The engine is beautiful. It provides drivers with 7,000 revs to play with, and the turbocharger stays on strong, right to the redline, never running out of breath. The result, opened up, is a powerplant that combines both robust torque throughout the entire rev range, and also revs to the moon.
Note that it’s a quiet performer, relatively speaking. Enthusiasts may wish to budget for an exhaust system upgrade, but those after quiet power will like the setup. The engine is barely audible during cruising or light throttle, and at full throttle and high revs, it’s loud, but not excessively.
Too bad about the exhaust note though. Most of the time, Type R is no more exciting to listen to than a Shop-Vac.
The big Brembo brakes offer a familiar feel.
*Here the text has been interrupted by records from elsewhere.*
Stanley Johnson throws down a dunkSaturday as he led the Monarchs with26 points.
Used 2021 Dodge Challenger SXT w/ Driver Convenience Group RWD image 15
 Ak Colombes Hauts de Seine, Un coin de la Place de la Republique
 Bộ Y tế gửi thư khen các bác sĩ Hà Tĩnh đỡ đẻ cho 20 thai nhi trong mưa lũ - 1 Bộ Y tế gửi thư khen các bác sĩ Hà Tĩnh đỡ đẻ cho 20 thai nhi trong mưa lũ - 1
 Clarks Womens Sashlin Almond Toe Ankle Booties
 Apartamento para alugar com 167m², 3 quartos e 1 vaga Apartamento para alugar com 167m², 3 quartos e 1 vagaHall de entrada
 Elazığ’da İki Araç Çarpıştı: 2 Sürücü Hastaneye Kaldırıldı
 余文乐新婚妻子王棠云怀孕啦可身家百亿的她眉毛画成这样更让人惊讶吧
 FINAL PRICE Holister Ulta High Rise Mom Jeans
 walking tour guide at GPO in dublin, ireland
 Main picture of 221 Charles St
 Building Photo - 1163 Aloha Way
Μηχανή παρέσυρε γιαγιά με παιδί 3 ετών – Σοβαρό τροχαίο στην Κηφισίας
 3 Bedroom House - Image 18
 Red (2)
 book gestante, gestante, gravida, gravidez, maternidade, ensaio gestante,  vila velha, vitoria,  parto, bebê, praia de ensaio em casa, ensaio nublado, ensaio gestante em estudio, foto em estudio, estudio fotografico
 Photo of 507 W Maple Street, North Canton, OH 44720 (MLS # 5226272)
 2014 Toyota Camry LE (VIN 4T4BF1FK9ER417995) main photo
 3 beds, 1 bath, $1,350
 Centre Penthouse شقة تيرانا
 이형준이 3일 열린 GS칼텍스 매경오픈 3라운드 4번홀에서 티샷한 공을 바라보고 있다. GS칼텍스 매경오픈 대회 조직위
They are a bit numb and imprecise when used gently, but with precision building the harder they’re worked. These brakes feel best when they’re operated severely.
And the handling? Wowsers. Tip the drive toggle selector into the most aggressive “+R” mode, and it feels like the dampers and steering rack are both replaced by concrete. Dialed in this way, drivers direct the Type R with tiny but very heavy and deliberate steering inputs.
Drive the pants off of it, and it’s all about playful confidence. I’m not sure I’ve ever driven a front-wheel drive car that was this frisky. And don’t worry, the Honda Civic Type R is front drive, but on dry, warm pavement, you don’t really need AWD anyways. It’s that good. Torque steer? Forget about it. All said, this thing has some seriously authentic performance moves.
Comments and Complaints
Gripes, keeping context in mind, were minimal. Usually in a performance car you wish for a more comfortable ride, more room and an easier drive. That’s not the case here. Still, I wish the central command screen looked a bit more modern and colorful. And when’s opened up I wish the sound matched the way the Type R looks.
My biggest gripe? The ridiculous rear spoiler. It looks silly, and what’s worse, it makes the rear liftgate feel like it weighs 406 pounds when you open it.
Ultimately, if you’re considering the Honda Civic Type R, you should probably go for it. It’s considerably less hardcore and compromised than it looks, but every bit as entertaining. Pricing from the low forties.